There is not "kit" you can buy for that set up.
Someone made it up with misc. parts. 
Bunch of things wrong with what your showing.
Nut on the trap is cross threaded.
Not seeing a nut where the overflow connects to the elbow.


----------



## TheEplumber (Jul 20, 2010)

joecaption said:


> Why do you need to replace what's there now.
> There is not "kit" you can buy for that set up.
> Someone made it up with misc. parts.
> Bunch of things wrong with what your showing.
> ...


Actually, they're kits and it is not made up from extra parts.

Here is a kit I've started to see in my local supply houses. It has a flexible PVC tube for the overflow and the tee is at the outlet.
In the left column, click on Direct Drain> WatcoFlex Spec Sheet

http://www.woodfordmfg.com/Watco/PDFMainFrame.html


----------



## North_Woods (Jan 28, 2014)

Thanks for the replies guys. I do not have a plumbing supply warehouse type store nearby and was hoping to find some type of kit I could order online but that doesn't seem possible now. I thought something wasn't quit normal with this set up and the joist in the way seems to make a lot of sense. So I now need a bunch of parts and pieces to fabricate this. Any idea of a good online place with a good piece selection?

TheEplumber - Thanks for the info and the link... I did see it there but they were based out of China and I didn't see a way to order.

I have a small leak up by the tub drain and thought it was a good opportunity to just replace the entire assembly but maybe that's not the case now.

Maybe calling a plumber might be the best bet. I'm just glad I wasn't missing something here when I couldn't make sense out of it or find something similar.

I can see some weld or putty type material in most of the nuts so they might not even be able to be loosened.


----------



## TheEplumber (Jul 20, 2010)

You could attempt to re-seat the drain in the tub.

Purchase a drain removal tool for about $15 and a small tub of putty.
Remove the drain strainer, clean it up good and apply a 1/4" to 3/8" diameter rope of putty around the drain body and re install it. Be careful not to cross thread it.
Shouldn't take more than an hour- probably 30 minutes..


----------



## ben's plumbing (Oct 6, 2011)

google direct waste and overflow drain assy and look at pictures this is what you have


----------



## North_Woods (Jan 28, 2014)

TheEplumber - That's definitely something to consider now that replacing everything is going to be more of a PITA.

Thanks Ben's Plumbing - Yes, that is an image of the type of setup I need.

I'm going to have a plumber buddy of mine take a look at it and see what he thinks, I'll post again after that. Thanks for all the information and feedback.


----------



## TheEplumber (Jul 20, 2010)

North_Woods said:


> TheEplumber - That's definitely something to consider now that replacing everything is going to be more of a PITA.
> 
> Thanks Ben's Plumbing - Yes, that is an image of the type of setup I need.
> 
> I'm going to have a plumber buddy of mine take a look at it and see what he thinks, I'll post again after that. Thanks for all the information and feedback.

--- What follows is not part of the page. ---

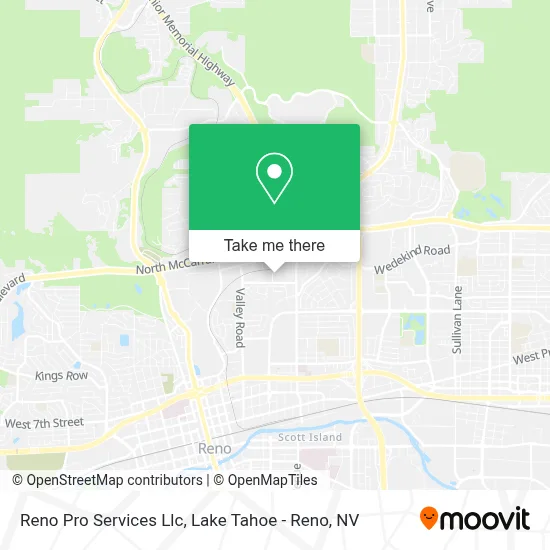 Reno Pro Services Llc map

Whether you replace or repair, you will need the tool and putty regardless.
Ask your your friend to bring his when he comes for a look


----------



## nap (Dec 4, 2007)

TheEplumber said:


> Purchase a drain removal tool for about $15.


is this acceptable:










or for really tough drains, the special high leverage version:


----------



## TheEplumber (Jul 20, 2010)

Two styles I prefer:


----------



## nap (Dec 4, 2007)

I see the one on the left is a device that expands within a hole. I guess there are drains that do not have the cross in the hole for the other type to push against. (drains with pop up stoppers I would think)

Is there ever a concern about over tightening it and breaking the surrounding vessel? Given that drains are exposed to a lot of...well...yucky stuff, does it grip well on...well...yucky drains or is there a trick like a little piece of an old inner tube or such that would help it grip the....well...yucky drain?


----------



## TheEplumber (Jul 20, 2010)

The left one does expand and works good when the cross bars break out due to age and seizing.
The one on the right is my go to for new installs.

If they don't budge with either tool, a vertical dremal cut through the drain's body and a little screwdriver prying may be in order.... or a saws-all through the drain- between the shoe and tub underneath will do- if accessible...

IMO- Over tighten doesn't really come into play. The drains thread pattern are straight threads- not tapered like pipe/fitting threads. There is also a gasket under the tub and putty or silicon on the top side to compress.
If you have installed a basket strainer- it's the same only smaller and different tools.


----------



## nap (Dec 4, 2007)

TheEplumber said:


> IMO- Over tighten doesn't really come into play. .


I meant over tightening the tool in the opening causing it to expand so much as to damage the opening in the vessel. I understand about the gasketing and such but that was not what I was concerned about over tightening.


----------



## North_Woods (Jan 28, 2014)

Wondering how the tool works with a pop-up drain?


----------



## North_Woods (Jan 28, 2014)

Here's a better image...


----------